Неблагодарное это занятие — описывать происходившее со мной, когда я сел за изучение роли на иврите. Да и стоит ли? Кому интересны все эти адские муки, припадки страха, бессонные ночи, истерики, депрессии и вся абсурдность, и опасный авантюризм предпринятой затеи. Но когда спустя четыре года я вспоминаю первые пять месяцев до премьеры «Чайки», именно эти чувства заполняют собой все пространство воспоминаний. Ни дивный просторный пентхаус на улице Баруха Спинозы, в двух шагах от театра, ни море в двенадцати минутах ходьбы от дома, ни все эти йогурты, сосиски, колбасы, сыры, торты и прочие гастрономические прелести, ни сигареты разных марок — кури-не-хочу! — ни кофе, с лимоном и без, ни разные сорта дешевой водки и пива, ни шмотки, ни даже все это детское питание, — нет, не эти «радости» ассоциируются с тремя первыми месяцами абсорбции.
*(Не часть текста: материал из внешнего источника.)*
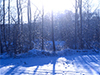 Winter Dawn  -- Free Just Because Nature, Desktop Wallpapers from American Greetings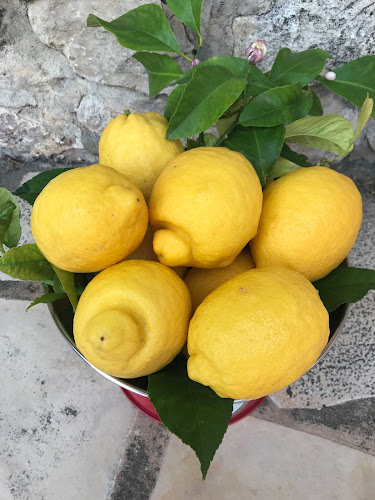 Épicerie Les Vergers de Boirie Menton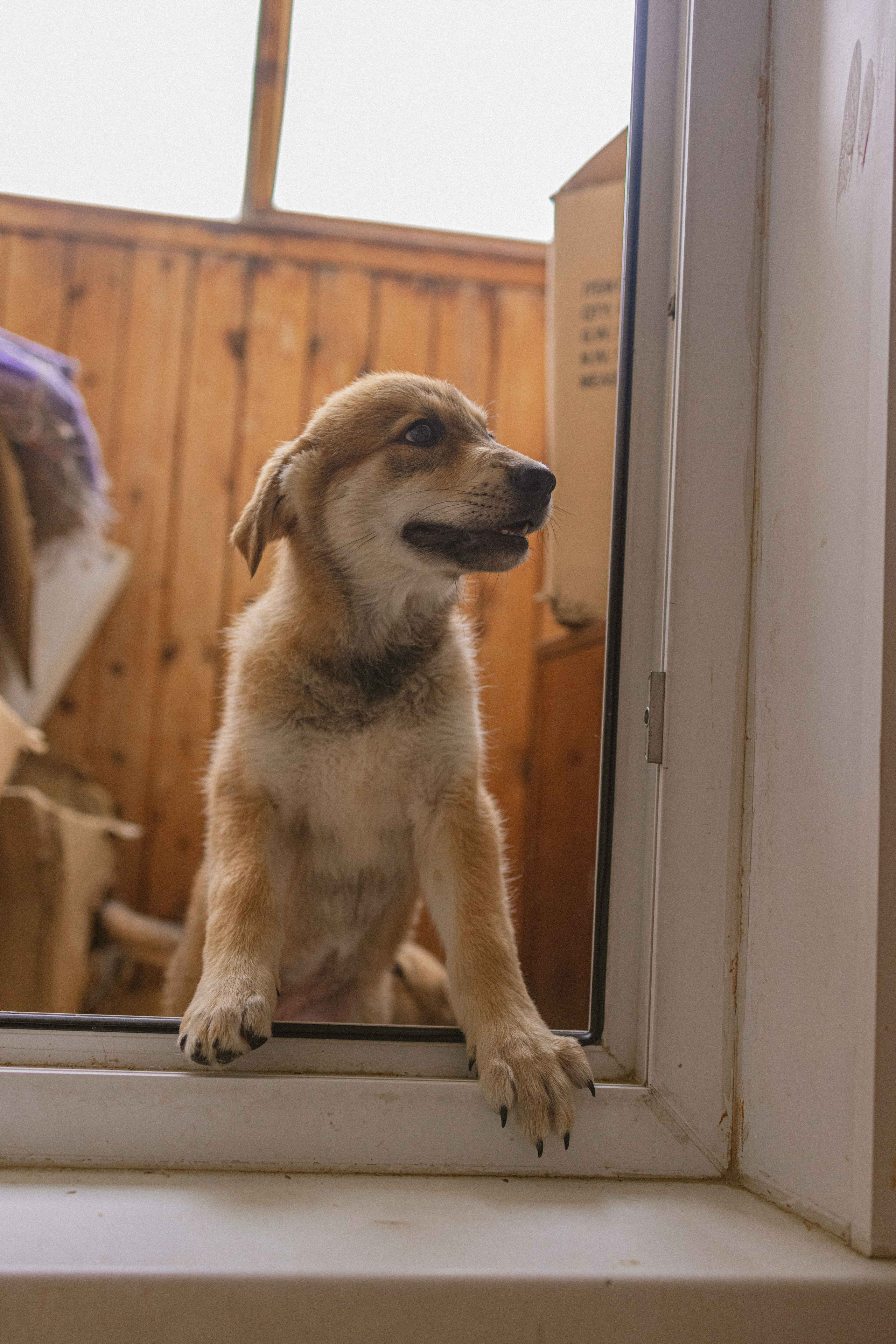 Щеночки на кухне. Фотограф-анималист в Москве Лера Черноног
Страх и паника, сонная одурь, когда сидишь за столом и долбишь, долбишь, долбишь; в сотый, тысячный раз переписываешь от руки транскрибированную по-русски роль Тригорина, а главное — тоска, Боже праведный, какая давящая тоска! И постоянный, бессмысленный вопрос к себе самому: зачем все это? Кому это надо? Как же это могло с тобой случиться?

Не знаю, испытала ли нечто подобное Ирина Селезнева или Борис Аханов, а потом и остальные актеры «Гешера», когда они переходили на иврит… Я испытал. И Боже сохрани меня, посоветовать кому-либо еще из моих русских коллег повторить мой опыт. Как говорится, и врагу не пожелаю.

Тогда же, при долбежке пространных монологов Тригорина о превратностях писательской судьбы, мне пришла в голову такая сценка-метафора. Давайте представим, фантазировал я, объясняя мое состояние кому-либо из русских, что я знаменитый и многоопытный пианист. Меня спрашивают: «Вы могли бы выучить бетховенский концерт?» — «Конечно, — отвечаю я, — сколько времени вы мне дадите?» «Три недели». — «Немного. Впрочем, я готов». — «Отлично. У вас есть своя скрипка или воспользуетесь нашей?» — «Позвольте, причем тут скрипка?» — «Бетховенский концерт — скрипичный». — «Вы что, меня разыгрываете? Я пианист, понимаете, пианист!» — «Но вы же музыкант, и музыкант, как мы слышали, знаменитый. К тому же Бетховена уже исполняли». — «Ну и что? Сорок лет я бегал пальцами по клавиатуре — я в руках скрипки не держал!» — «Все новое для художника страшно интересно. Вам предстоит узнать еще не познанное! Это продлевает жизнь!» Тут-то и закавыка — продлевает или сокращает? Во всяком случае, не украшает — это уж точно.

Приведу лишь некоторые обрывочные записи из дневника того лета 91-го года…

14 июля 91-го: «Я в стране ровно 18 дней. Знаю наизусть все пять тригоринских фраз из первого акта, где он молчит как рыба…»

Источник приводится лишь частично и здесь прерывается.